**Excerpted records**
..............................
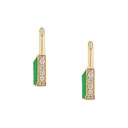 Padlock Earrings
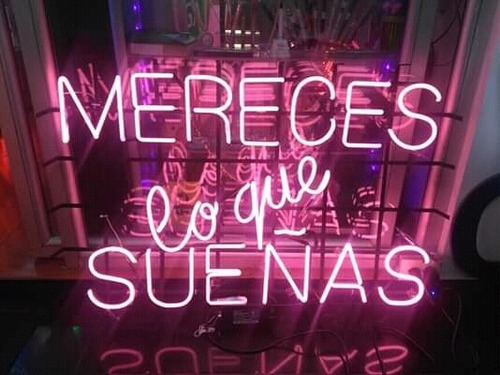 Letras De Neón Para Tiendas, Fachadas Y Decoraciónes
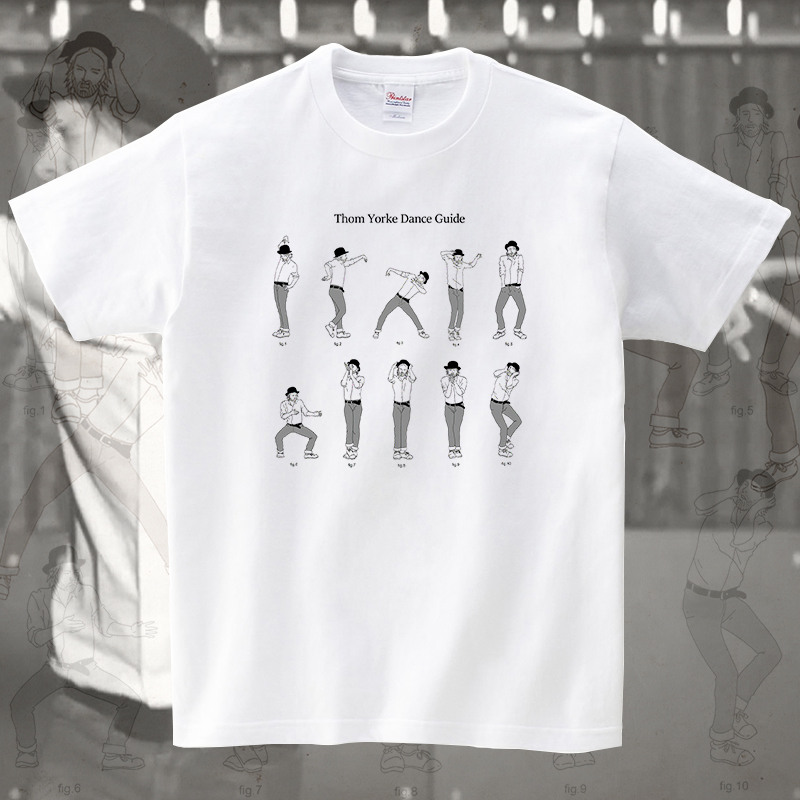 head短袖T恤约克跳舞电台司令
..............................
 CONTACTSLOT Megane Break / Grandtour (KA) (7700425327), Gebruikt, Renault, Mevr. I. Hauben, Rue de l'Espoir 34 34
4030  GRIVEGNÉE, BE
..............................
**What to produce**
Copy the lines above exactly, starting at the one with "Letras De Neón" and ending at the one with "head短袖T恤约克跳舞电台司令", both included. Leave out any pictures and add nothing else.

**Answer below**
 Letras De Neón Para Tiendas, Fachadas Y Decoraciónes
 head短袖T恤约克跳舞电台司令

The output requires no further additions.